_ABOUT THIS TASK:_ Among the records that follow, set down only the lines from the one containing "В Запорожье 270" to the one containing "Percussie-pad Roland SPD", both included, exactly.

_THE INPUT:_
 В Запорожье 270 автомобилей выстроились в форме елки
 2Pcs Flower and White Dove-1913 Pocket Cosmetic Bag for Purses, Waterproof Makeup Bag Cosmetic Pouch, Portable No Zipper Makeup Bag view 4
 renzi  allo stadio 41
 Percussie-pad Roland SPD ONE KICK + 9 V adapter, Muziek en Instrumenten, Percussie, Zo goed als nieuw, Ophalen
--
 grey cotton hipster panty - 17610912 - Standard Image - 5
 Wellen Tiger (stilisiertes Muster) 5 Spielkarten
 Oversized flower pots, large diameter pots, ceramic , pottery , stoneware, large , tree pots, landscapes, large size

_REPLY:_
 В Запорожье 270 автомобилей выстроились в форме елки
 2Pcs Flower and White Dove-1913 Pocket Cosmetic Bag for Purses, Waterproof Makeup Bag Cosmetic Pouch, Portable No Zipper Makeup Bag view 4
 renzi  allo stadio 41
 Percussie-pad Roland SPD ONE KICK + 9 V adapter, Muziek en Instrumenten, Percussie, Zo goed als nieuw, Ophalen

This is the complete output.